On the streets of Kabul below hulks of bombed out houses, there are boys playing. Not a single girl. Where are the girls? "The girls only play inside the house," explains my colleague, Regina.
In the market, there are more women than usual, but they are covered from head-to-toe in burqas. Some things change slowly, even if the Taliban are gone. Regina, who doesn't wear a burqa, tries to explain: "In our culture we have to wear it."
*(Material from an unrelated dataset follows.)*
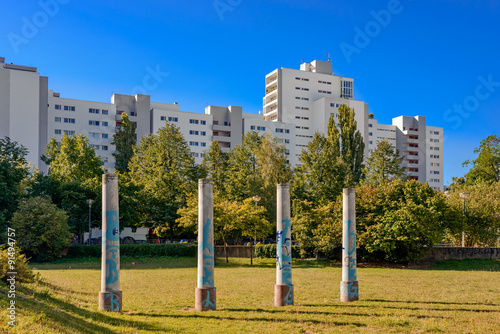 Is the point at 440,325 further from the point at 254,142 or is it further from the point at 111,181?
the point at 254,142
The Afghans are happy they have been liberated from the Taliban, and their fanatic interpretation of Islam which banned music, and girls from going to school. And right there on the streets my thoughts turn to Nepal, where neither boys nor girls can go to school because of threats by the Maoists. What will our future be? Is it all going to end up like these cratered streets and buildings hollowed out by bombs and rockets from two decades of war? And when our own country is completely destroyed, will we also emerge from it like the Afghans have to realise how utterly senseless it all was?
Our children are our future leaders, our lawyers, our doctors, nurses and social activists. They are our future journalists. The Taliban did not want girls to go to school because, they said, their scriptures said so. Is that any different from what our own fundamentalist Maoists are doing? Marx, Lenin, and especially Mao himself would never have condoned such a wanton assault on schools, and the future of children. Even in the worst years of war in Sri Lanka, both the Tamil Tigers and the army had a ceasefire at exam time.
We have to ask: who is most hurt by this nationwide attack on schools? Not the rich kids, whose parents have already pulled them out and sent off to boarding schools in India. No, it is the rural folks who have saved all to be able to afford an education for their children and have invested in their future. If the Maoists really want to reform the school system, there are do-able things to address the government school system. This leads me to conclude: maybe the closure of schools is not about reforming education at all, but about getting faster to Year Zero.
I call home from Afghanistan, and my daughter answers the phone. Why aren't you in school, I ask. "It's a bandh," she answers on the line, and I can sense she is secretly glad not to have to go to school on a cold morning.
Walking the ruined streets of Kabul, past the wreckage of an armoured personnel carrier and a brick wall scarred by bullet holes, I watch a girl about the same age as my daughter carrying water home in a large jug. And I get a sudden glimpse of our own future.